Even the most casual YouTube viewer has seen a version of the “Sh!t People Say” videos. The initial one became a huge viral sensation, but numerous variations of these clips about different genders and ethnicities reflect unfavorable stereotypes. While some simply laugh these videos off, the Mixed Student Union examine the negative implications.
On Jan. 31, a small group of people gathered at the MultiCultural Center meeting room to attend the “S!it People Say…” event hosted by the MSU. The event began with three YouTube videos, “Shit White Girls Say To Black Girls,” “Shit Latina Girls Say” and “Shit People Say To Mixed People.” The audience made small giggles and laughs, but also expressed feelings of sympathy at times.
The screening was followed by a free discussion by participants about why these videos are funny to some people, yet upsetting to others and what reactions were appropriate.
“I thought it was a great experience just to get together a group of people and discuss how different people respond to the videos, how they felt and what kind of emotions they invoke in people because I think it’s important to get a lot of different points of view and lot of aspects so you can understand the whole rather than individual part,” said third-year environmental science major Ben Kilpatrick.
People discussed the consequences of sarcasm and personal experiences with stereotyping.
The event was to “create dialogues, bring up conversations about assumptions and ideas that we have about other people and create an understanding of who we are and the people around us,” said fourth-year sociology and Asian-American studies major Anthony Diep.
MSU was founded two winters ago by a handful of UCSB students after attending the Student of Color Conference in San Diego to discuss identities and racial issues.
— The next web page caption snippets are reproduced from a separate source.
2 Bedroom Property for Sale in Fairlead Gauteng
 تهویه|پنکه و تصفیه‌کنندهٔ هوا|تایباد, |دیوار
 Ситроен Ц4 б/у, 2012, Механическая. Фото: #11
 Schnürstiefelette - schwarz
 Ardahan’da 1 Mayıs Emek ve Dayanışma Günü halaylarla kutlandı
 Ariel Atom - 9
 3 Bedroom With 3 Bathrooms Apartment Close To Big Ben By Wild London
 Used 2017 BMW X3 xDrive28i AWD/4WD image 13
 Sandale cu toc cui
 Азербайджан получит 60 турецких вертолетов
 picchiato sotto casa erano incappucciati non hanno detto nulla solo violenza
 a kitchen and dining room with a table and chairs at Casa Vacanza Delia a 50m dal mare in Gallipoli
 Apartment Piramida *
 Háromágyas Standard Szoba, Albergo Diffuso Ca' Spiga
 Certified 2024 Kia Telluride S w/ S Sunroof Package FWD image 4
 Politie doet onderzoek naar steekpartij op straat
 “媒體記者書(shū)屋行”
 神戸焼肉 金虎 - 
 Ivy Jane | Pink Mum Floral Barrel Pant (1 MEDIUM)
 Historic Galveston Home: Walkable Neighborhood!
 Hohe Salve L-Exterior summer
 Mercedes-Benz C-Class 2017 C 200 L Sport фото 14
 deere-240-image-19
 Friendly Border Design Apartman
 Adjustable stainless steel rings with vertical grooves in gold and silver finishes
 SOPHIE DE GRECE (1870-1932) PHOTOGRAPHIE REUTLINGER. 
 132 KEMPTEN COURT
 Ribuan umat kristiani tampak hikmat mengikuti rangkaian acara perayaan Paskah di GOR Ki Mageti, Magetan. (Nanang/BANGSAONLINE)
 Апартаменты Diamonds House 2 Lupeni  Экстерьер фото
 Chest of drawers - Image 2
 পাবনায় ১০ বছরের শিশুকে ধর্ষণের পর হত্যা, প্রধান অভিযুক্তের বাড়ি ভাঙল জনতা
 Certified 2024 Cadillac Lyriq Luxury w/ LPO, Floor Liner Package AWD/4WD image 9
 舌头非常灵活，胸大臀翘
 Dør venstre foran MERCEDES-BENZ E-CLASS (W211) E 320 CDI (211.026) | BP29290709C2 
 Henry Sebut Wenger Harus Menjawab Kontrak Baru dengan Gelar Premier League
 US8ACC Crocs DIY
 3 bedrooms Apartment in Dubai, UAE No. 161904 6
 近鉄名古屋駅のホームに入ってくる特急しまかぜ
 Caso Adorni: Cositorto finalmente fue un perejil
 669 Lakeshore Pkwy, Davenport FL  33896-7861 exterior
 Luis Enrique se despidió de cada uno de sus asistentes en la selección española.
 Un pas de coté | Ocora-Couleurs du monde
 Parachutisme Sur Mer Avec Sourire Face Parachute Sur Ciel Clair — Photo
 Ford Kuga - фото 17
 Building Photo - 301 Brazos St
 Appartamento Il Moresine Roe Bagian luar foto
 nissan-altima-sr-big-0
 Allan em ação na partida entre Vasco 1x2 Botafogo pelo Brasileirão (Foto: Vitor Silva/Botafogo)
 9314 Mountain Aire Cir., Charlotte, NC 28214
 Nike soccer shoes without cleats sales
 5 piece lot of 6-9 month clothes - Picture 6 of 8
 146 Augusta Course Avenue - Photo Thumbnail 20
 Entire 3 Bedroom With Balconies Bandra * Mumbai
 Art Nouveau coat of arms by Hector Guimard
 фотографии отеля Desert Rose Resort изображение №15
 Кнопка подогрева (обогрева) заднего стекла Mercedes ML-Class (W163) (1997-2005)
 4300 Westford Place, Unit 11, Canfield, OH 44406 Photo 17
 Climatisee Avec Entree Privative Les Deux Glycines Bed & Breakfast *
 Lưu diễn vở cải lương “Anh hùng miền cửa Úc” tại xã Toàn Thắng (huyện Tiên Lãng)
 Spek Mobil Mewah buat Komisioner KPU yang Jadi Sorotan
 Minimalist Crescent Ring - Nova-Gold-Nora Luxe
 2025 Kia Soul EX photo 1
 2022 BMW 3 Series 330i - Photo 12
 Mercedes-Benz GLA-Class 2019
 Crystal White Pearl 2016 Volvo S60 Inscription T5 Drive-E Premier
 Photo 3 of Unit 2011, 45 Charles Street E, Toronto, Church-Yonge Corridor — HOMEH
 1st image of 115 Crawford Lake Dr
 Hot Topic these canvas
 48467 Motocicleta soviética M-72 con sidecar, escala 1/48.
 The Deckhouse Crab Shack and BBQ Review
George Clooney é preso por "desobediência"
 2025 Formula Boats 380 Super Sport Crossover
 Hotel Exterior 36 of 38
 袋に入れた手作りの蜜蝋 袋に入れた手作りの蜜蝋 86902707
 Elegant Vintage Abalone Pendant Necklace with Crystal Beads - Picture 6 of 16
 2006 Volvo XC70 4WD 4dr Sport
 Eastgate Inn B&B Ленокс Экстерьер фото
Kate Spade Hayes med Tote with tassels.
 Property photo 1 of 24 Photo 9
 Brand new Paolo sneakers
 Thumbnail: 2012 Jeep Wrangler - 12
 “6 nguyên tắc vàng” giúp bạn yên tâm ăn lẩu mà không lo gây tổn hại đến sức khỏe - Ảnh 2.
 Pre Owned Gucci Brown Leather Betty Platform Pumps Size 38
Ever since, the organization has been trying to create a fun and safe space for students with diverse backgrounds.
“The event was a good idea because it’s a good chance to get some dialogues about stereotypes, especially in the mixed community because the mixed community doesn’t get acknowledged much,” said fourth-year anthropology major and MSU co-founder Sandii Weber.
The meeting had a heartwarming ending where MSU members and participants thanked one other.
“I think a lot of these situations can be taken seriously, but for the most part they should be taken humorously,” said Klipatrick. “This should be a fun thing to enjoy.”